▶ [Assignment]
Run through the data and copy out every line that mentions the word "bear".

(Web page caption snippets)
————————

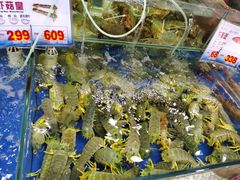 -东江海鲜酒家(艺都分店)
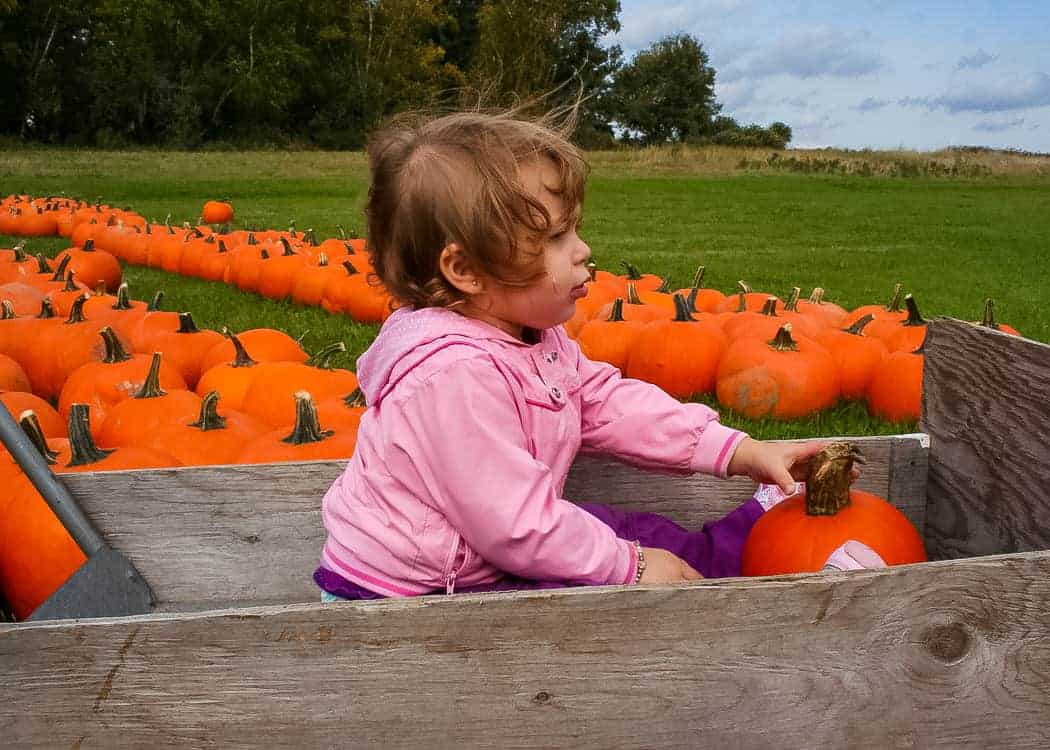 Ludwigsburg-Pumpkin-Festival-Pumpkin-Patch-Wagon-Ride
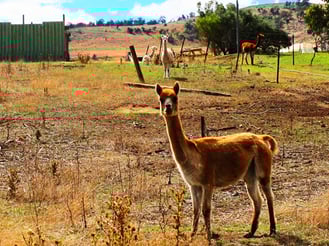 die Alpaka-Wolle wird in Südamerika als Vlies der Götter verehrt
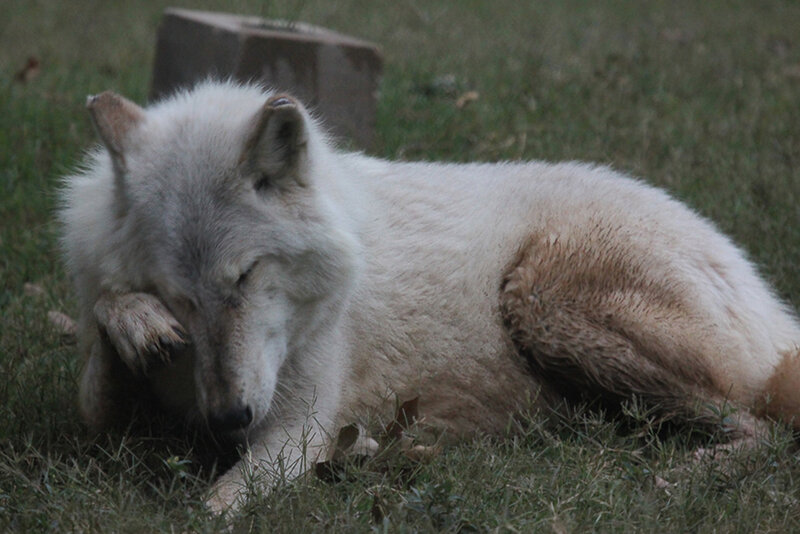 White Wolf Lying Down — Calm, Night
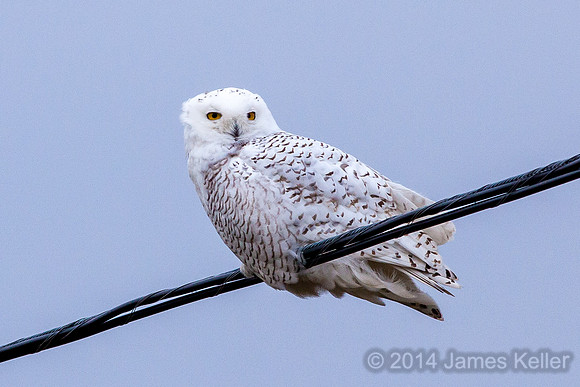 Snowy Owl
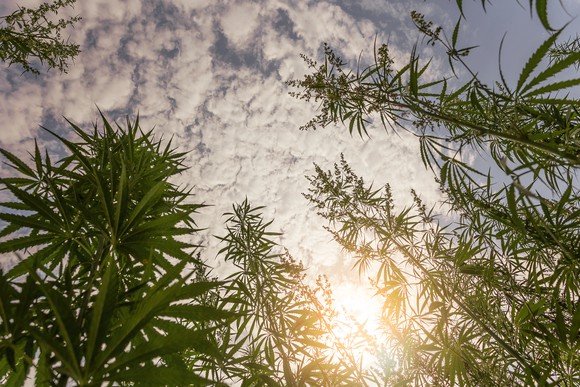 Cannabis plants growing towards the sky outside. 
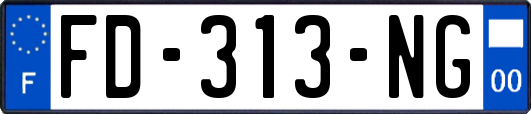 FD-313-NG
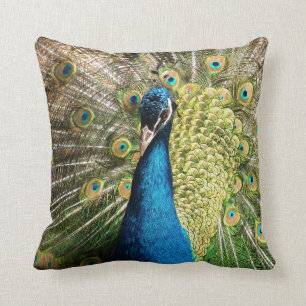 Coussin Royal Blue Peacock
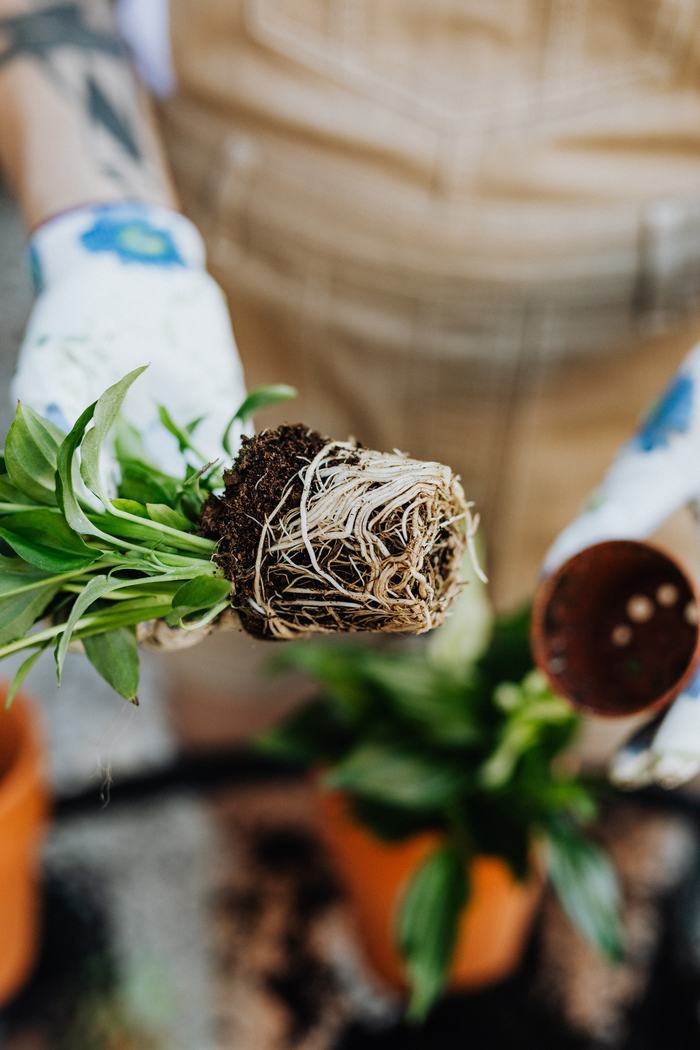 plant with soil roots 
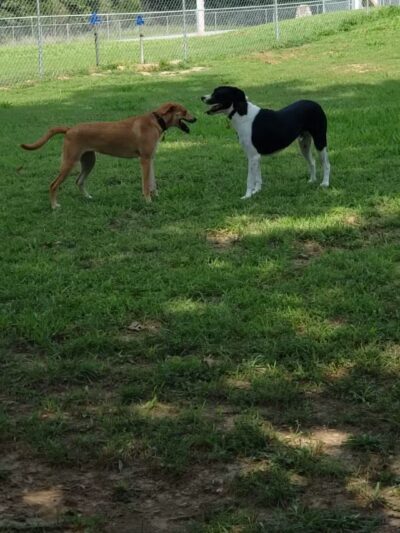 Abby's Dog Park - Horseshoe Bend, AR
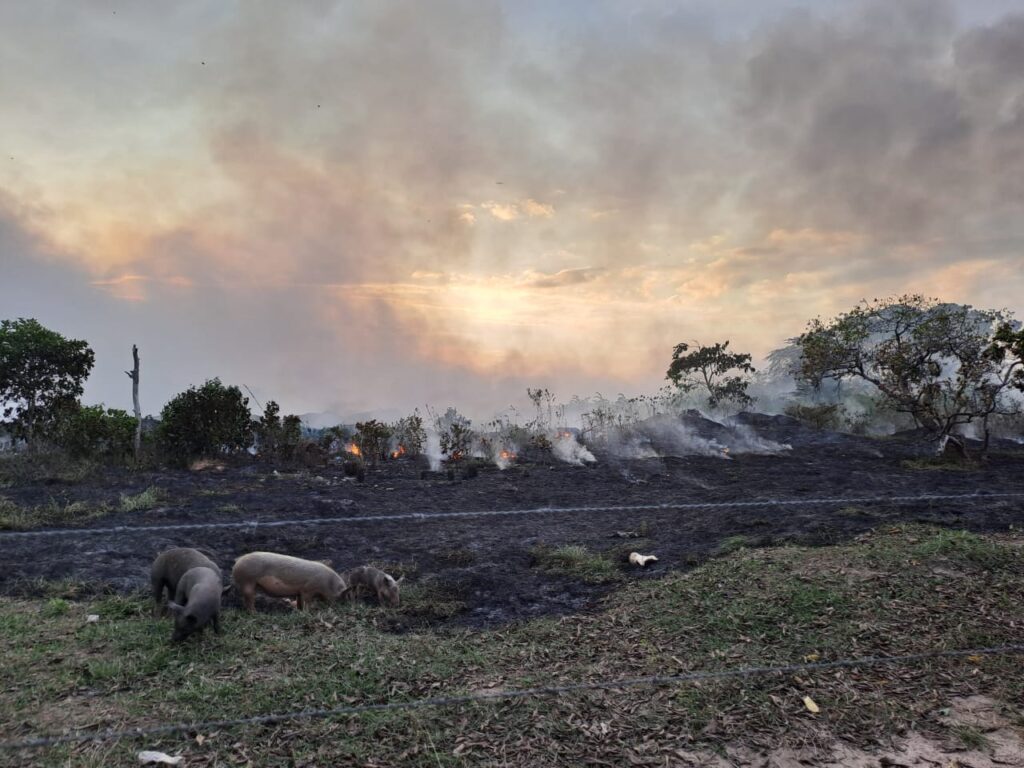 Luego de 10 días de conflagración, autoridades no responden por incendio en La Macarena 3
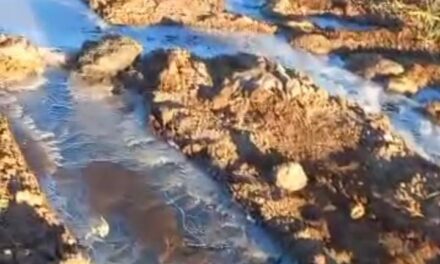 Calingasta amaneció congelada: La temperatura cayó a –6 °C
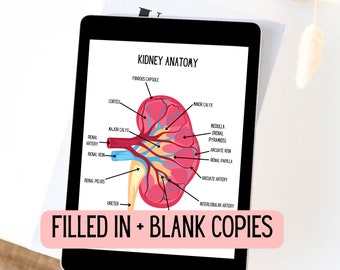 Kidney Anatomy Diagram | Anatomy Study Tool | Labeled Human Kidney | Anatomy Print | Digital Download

————————

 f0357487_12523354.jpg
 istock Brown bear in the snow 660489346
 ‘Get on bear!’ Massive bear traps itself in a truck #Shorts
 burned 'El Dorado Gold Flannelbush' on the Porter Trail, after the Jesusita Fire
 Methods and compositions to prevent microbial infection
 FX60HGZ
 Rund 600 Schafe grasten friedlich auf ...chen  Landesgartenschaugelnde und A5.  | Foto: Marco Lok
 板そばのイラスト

————————

▶ [Output for this exercise]
 istock Brown bear in the snow 660489346
 ‘Get on bear!’ Massive bear traps itself in a truck #Shorts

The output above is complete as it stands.